The objective is to filter out the records where 'first_date_purchased' is less than 'first_date_watched' in a single select statement, in the most effective way possible. I'm writing this query as a student in Data Analysis and am still new to programming in general.

Thank you in advance for you assistance!


Solution

  • Consider:

    Using a HAVING clause which executes like a where clause AFTER the selected values and aggregation is complete.

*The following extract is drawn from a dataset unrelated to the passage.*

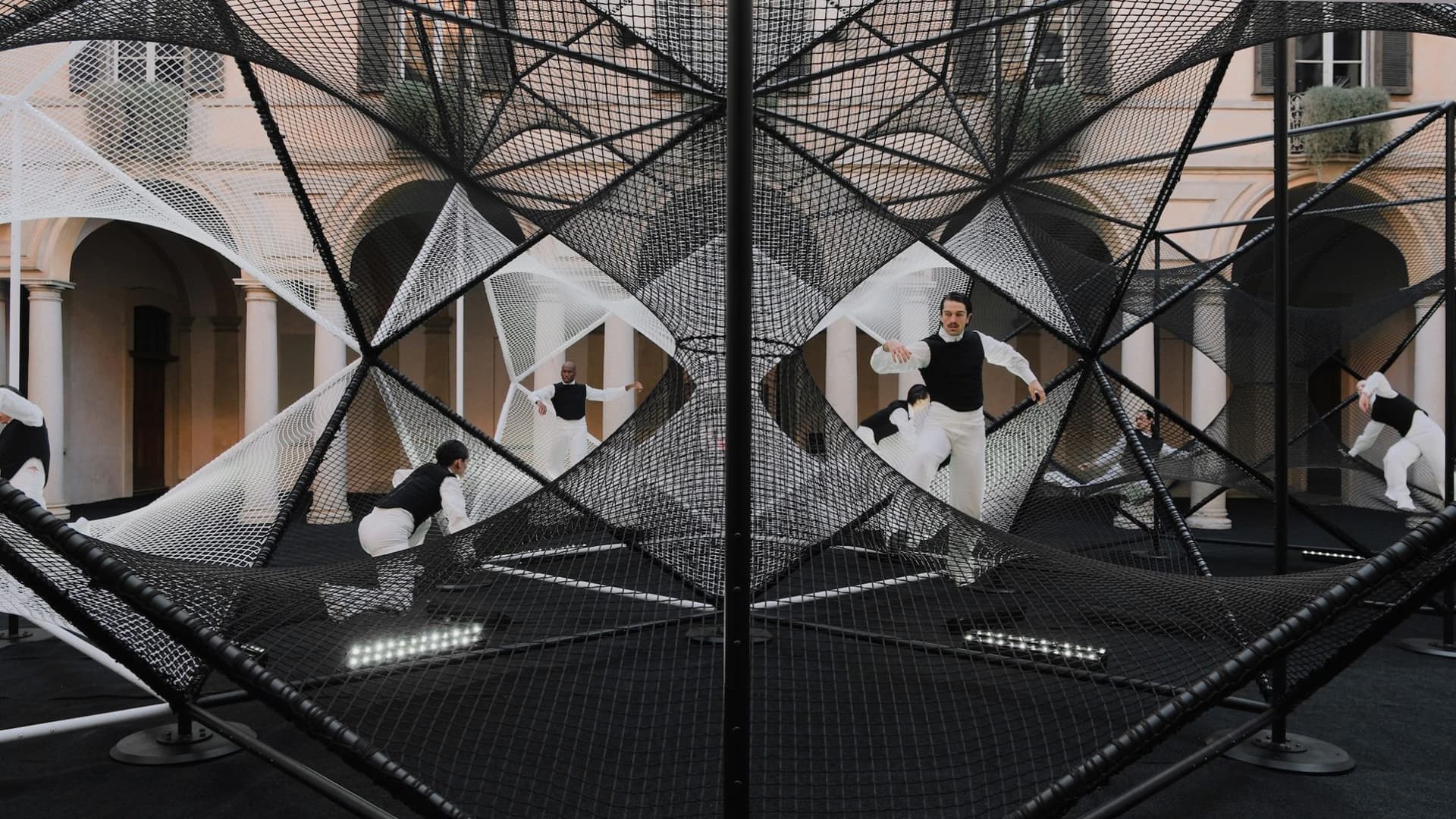 6 эффектных уличных инсталляций на Миланской неделе дизайна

    Note: Standard SQL is to include all non-aggregated selected objects in the GROUP BY clause. So, I added the date_registered to the group by. MySQL supports this syntax but it can be dangerous to use if you don't fully understand what it's doing. (Basically it's free to pick any value in the group even if those values are different) so if a student_Id could have different date_Registered for some reason, you could get different results in each run. STANDARD SQL is to always group by all values not aggregated in the select. Other RDBMS would not even allow your current query to run.

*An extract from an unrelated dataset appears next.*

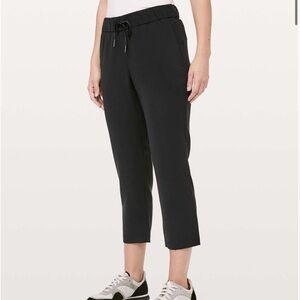 Lululemon On The Fly Crop Woven 23" Black Size 6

    Furthermore null evaluation in a in/not in is also suspect. Exists/not exists and correlation may be faster; but I don't see a reason to use it since I believe the Having clause will meet your need.

    Demo dbfiddle.uk

       SELECT se.student_id,
               si.date_registered,
               MIN(se.date_watched) AS first_date_watched,
               MIN(sp.date_purchased) AS first_date_purchased
        FROM student_engagement se
          LEFT JOIN student_info si ON se.student_id = si.student_id
          LEFT JOIN student_purchases sp ON se.student_id = sp.student_id
        GROUP BY se.student_id, si.date_registered
        HAVING first_date_purchased >= first_date_watched
         or first_date_purchased is null
        -- or use this in the having coalesce(first_date_purchased,first_date_watched) >= first_date_watched
        ORDER BY first_date_purchased DESC
    

    However, it's odd that you expect 4 records. Since first_date_purchased is null on two of the 5 records it would fail equality checks. Logically How is a Null value on first_date_purchased for students 255200, 255205 <= first_date_watched? but you seem to want them so we can either coalesce or use an or in the having.

    Either of these do not subjet you to a subquery or additional query as desired; but I'm unsure if either is more performant w/o a full dataset / knowledge of your indexes etc.